WHAT YOU ARE ASKED TO DO: In the listing below, find the line containing "2021 Kia Forte Beam Axle" and the line containing "Зал Мансарда Зал Мансарда — фото 7". Repeat exactly those two lines and every line between them.

MATERIALS PROVIDED:

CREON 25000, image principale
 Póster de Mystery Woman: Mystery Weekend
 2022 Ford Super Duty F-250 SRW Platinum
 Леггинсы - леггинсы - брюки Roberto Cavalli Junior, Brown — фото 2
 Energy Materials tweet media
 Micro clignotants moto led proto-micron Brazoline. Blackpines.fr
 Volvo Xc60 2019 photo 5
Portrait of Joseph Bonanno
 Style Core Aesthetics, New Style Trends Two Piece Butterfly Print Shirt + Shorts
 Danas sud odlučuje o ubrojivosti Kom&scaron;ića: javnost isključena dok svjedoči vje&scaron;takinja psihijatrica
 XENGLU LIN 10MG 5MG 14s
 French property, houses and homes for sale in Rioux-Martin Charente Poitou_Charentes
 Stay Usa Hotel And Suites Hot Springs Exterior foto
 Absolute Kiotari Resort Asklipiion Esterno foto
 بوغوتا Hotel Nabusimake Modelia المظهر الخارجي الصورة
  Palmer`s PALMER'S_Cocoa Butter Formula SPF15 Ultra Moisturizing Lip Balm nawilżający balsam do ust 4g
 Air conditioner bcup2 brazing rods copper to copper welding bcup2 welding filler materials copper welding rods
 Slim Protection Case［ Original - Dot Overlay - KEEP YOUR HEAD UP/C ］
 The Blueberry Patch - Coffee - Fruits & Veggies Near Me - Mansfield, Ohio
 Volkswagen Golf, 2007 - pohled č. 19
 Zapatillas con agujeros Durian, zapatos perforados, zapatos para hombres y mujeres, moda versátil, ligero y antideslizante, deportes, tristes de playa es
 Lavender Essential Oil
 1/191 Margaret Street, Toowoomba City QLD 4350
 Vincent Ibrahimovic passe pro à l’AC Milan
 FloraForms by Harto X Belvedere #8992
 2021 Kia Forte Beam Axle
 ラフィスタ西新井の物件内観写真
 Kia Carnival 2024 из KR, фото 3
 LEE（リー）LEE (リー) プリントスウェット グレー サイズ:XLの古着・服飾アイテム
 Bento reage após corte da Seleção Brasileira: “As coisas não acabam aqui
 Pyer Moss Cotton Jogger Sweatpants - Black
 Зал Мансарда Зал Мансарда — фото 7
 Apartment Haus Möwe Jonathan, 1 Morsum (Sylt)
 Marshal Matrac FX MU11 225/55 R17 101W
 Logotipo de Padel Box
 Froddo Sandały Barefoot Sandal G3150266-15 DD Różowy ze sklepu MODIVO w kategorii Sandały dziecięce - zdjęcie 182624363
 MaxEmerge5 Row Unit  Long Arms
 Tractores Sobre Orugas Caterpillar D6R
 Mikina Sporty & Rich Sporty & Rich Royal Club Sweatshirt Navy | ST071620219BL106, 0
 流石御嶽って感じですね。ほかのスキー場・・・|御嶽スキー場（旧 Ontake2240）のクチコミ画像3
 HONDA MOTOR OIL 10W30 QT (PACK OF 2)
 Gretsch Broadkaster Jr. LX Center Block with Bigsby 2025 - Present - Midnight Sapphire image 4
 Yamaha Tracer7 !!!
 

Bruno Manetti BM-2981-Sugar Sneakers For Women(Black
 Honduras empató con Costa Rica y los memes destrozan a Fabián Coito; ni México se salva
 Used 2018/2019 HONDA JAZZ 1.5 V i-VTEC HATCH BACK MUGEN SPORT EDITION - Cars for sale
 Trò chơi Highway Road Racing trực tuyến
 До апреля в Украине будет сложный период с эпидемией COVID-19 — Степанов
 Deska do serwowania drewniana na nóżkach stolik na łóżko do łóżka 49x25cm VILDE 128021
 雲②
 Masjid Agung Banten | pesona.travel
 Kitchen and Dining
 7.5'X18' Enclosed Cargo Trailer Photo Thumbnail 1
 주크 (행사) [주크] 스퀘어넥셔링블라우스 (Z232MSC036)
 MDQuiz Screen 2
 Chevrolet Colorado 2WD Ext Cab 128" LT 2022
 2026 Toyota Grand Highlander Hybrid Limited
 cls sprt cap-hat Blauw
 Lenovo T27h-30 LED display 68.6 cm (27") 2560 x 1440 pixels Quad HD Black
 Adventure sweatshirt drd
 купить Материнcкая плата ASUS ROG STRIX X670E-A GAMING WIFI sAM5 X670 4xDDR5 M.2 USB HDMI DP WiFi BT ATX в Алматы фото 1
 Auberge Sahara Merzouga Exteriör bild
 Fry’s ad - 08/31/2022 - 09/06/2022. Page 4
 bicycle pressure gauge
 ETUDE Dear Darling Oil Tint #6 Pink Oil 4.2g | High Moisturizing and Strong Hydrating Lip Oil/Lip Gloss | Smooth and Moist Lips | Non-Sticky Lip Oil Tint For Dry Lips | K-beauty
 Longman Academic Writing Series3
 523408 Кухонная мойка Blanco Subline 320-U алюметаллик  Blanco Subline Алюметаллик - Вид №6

ANSWER TO THIS EXERCISE:
 2021 Kia Forte Beam Axle
 ラフィスタ西新井の物件内観写真
 Kia Carnival 2024 из KR, фото 3
 LEE（リー）LEE (リー) プリントスウェット グレー サイズ:XLの古着・服飾アイテム
 Bento reage após corte da Seleção Brasileira: “As coisas não acabam aqui
 Pyer Moss Cotton Jogger Sweatpants - Black
 Зал Мансарда Зал Мансарда — фото 7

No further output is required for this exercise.